What you should do ▸ Only the lines in the entries below from the line with "1.2 Repacking preparations: date, name" to the line with "After drawing Vr, we", both included, belong in the answer, transcribed exactly and without pictures.

Provided data ▸
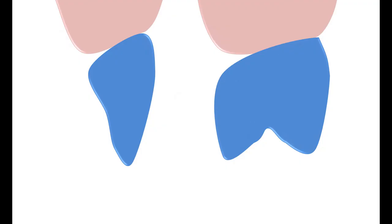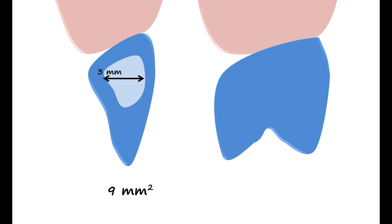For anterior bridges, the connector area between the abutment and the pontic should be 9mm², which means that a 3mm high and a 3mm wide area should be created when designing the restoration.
--
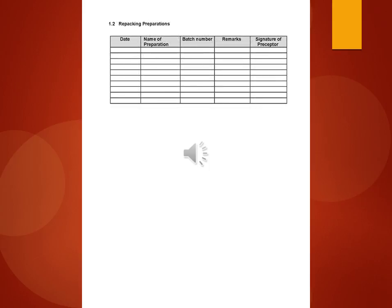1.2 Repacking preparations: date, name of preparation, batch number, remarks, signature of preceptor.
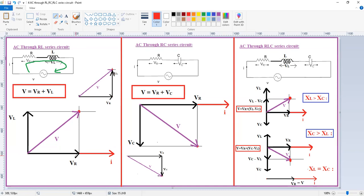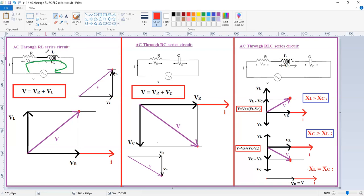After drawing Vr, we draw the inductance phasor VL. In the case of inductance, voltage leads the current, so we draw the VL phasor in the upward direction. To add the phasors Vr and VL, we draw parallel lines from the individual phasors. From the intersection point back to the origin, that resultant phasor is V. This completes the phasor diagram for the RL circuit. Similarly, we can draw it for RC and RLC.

Output of the task ▸
1.2 Repacking preparations: date, name of preparation, batch number, remarks, signature of preceptor.
After drawing Vr, we draw the inductance phasor VL. In the case of inductance, voltage leads the current, so we draw the VL phasor in the upward direction. To add the phasors Vr and VL, we draw parallel lines from the individual phasors. From the intersection point back to the origin, that resultant phasor is V. This completes the phasor diagram for the RL circuit. Similarly, we can draw it for RC and RLC.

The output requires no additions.